Marco rubbed a hand over his close-cropped hair, sighing with the frustration of a man relaying information for the fiftieth time. “We lack the people and the weapons.”
“What I cannot understand is why,” Budua, the Scribe-Guilder, the calmest at the table, balanced her wrinkled chin on her hand with the air of an academic studying an interesting problem. “Yes, I know the Council voted to send the army south. But no one asked me to vote on the understanding that there would be no protection left for the city. We skirmish over those mines every few years. Why did this necessitate leaving the city unprotected?”
“I was not party to all your deliberation
s,” Marco reminded her. “But it is my understanding that Chancellor Caslav sent the full army as a deliberate show of force to prevent these skirmishes in the future. As for our own garrison, well, Silasta sits in the center of the most protected country in the continent, Scribe-Guilder. Between the mountain ranges and the marshes, no external force could realistically enter Sjona other than through the three border cities, which are garrisoned. An attack on the city has not been a realistic possibility in decades.”
“And yet here we are.”
“Here we are,” Marco repeated. His gaze sank to the table. A few days before, the worst part of this role must have been the prospect of being forced to listen to spoiled, wealthy old men and women insulting him; now here he was suddenly in charge of a defense plan no one had even contemplated us ever needing, and having to defend decisions made well above his level of seniority.
“It’s not the Warrior-Guilder’s fault. No one could have foreseen this,” Tain reassured him. Irritation flickered inside me; of course in Tain’s eyes Aven could not have been responsible for a misjudgment. The fact was, she had misjudged, and perhaps it was her error that cost us everything.
“Do we even know what this is?” Varina asked. “Forgive me, Chancellor, but is this really some kind of rebellion?”
“Of course it’s a rebellion,” Nara scoffed. “That’s our own bloody peasants out there.”
“We don’t know yet what—” Marco began, but his soft voice was quickly lost in the increasing din.

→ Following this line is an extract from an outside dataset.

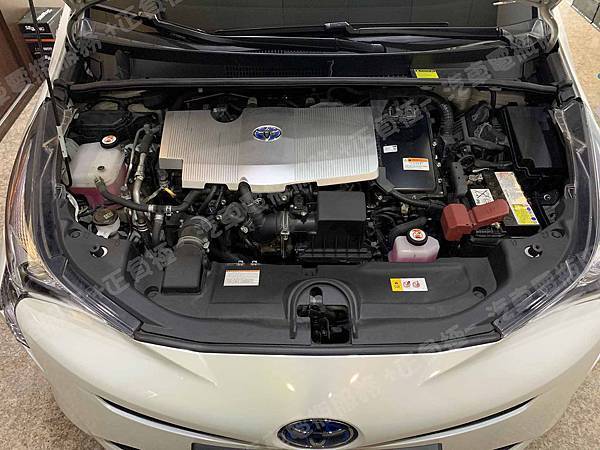 【台北】TOYOTA豐田 PRIUS 1.8 MK4四代 Hybrid油電版 2017年 原廠電瓶 日製GS YUASA 345LN1-MF 45AH 295A(EN) 更換 汽車電池 德國VARTA華達 德國廠 銀合金 C6 52AH 520A(EN)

“Rebellions are for tyrannies! What’s there to rebel against here? Too wealthy? Too much food? Good work, safe homes, medicine, what am I missing?”
“… out there in their veils, chanting like primitive bloody lunatics—too soft we’ve been on the estates, letting people run wild, this is what happens when you let these people do what they want…”
“Obviously we weren’t letting them do what they want,” Javesto said, his tone acid, “or they’d hardly be attacking us now. If we could understand why this happened, we might be able to stop it before it gets too serious.”